町田の,遺言,成年後見,会社設立の専門家,司法書士のさえきともやです。

コラムの更新が少し間があいてしまいました。

不定期ではありますが、頑張って更新しますのでよろしくお願いします。

さて、今回は『ペットのために財産を遺したい』というケースです。

自身亡き後、ペットのためになんとか財産を遺したい場合です。

遺言を活用できないでしょうか。

ペットのために財産を遺すには

まず遺言で『ペットの犬のタロウに全財産を相続させる』と書いた場合、この遺言は有効でしょうか。

答えは有効ではなく無効です。

法律上ペットは権利義務の主体となることができませんので、ペットに財産を贈与したら遺贈することはできません。

ペットは家族同然という方も昨今増えてきましたが、残念ながらストレートに遺言を書いてもこのような結果となってしまいます。

では、どのようにすればペットのために財産を遺すことができるでしょうか。

負担付遺贈・負担付死因贈与

見出しのとおり、『負担付遺贈』という方法があります。

信頼できる知人などに、財産を遺贈する代わりにペットの世話をしてもらいという内容の遺言をすることが可能です。

ただし、遺贈を受ける相手方(受遺者)は遺贈を放棄することができますから、大切なペットを誰になら託せるかをよく考えた上で、事前にペットの世話を頼んでおく必要があるでしょう。

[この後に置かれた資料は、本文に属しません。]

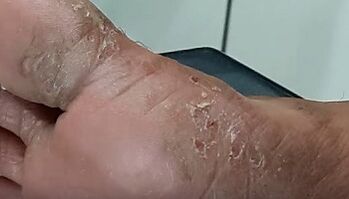 tipi e forme di funghi sulle dita dei piedi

負担付遺贈をする場合に、受遺者が遺贈を受けた時でも遺贈された財産の価値を超えるような負担を負う責任はありませんので、ペットの世話に関して十分な財産を遺贈することが必要です。

また、遺言執行者を指定しておけば、万が一、受遺者がペットの世話をしない場合、遺言執行者が受遺者にその義務を履行するように催告し、それでも受遺者が義務を履行しなければ家庭裁判所に遺贈の取り消しを請求することができます。

 

負担付死因贈与』という方法は、負担付遺贈のように受遺者に対して一方的に遺すものではなく、もし自分が死んだらペットの世話をしてもらう代わりに財産を贈与するという契約をする方法です。

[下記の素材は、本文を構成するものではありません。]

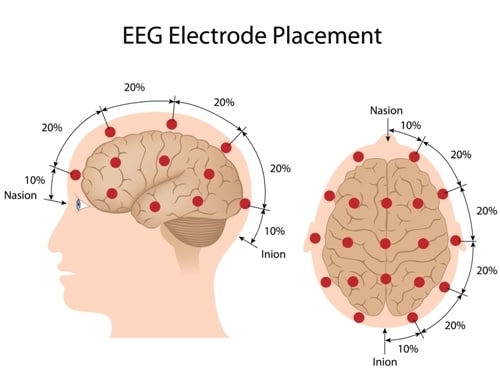 EEG for diagnosis of epilepsy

契約ですので、双方でよく話し合い、納得のいく取り決めをすることができます。

負担付遺贈に比べて、ペットの世話をしてもらえる可能性が高いといえます。

負担付遺贈は遺言ですので当然書面にしますが、負担付死因贈与にしても合意した内容について書面にしておくことが重要です。

 

その他、最近では信託を利用して、財産の所有者(委託者)が一定の信託目的(ペットの世話)を設定した上で、その財産を信頼できる人(受託者)にたいして委任し、受託者はその信託目的に従って、ある人(受益者)のために信託財産の管理処分等の信託目的達成のために必要な行為をする仕組みもあります。

まだあまり活用が多くない制度ですが、ペットの世話以外にも今後の活用が期待される制度の一つです。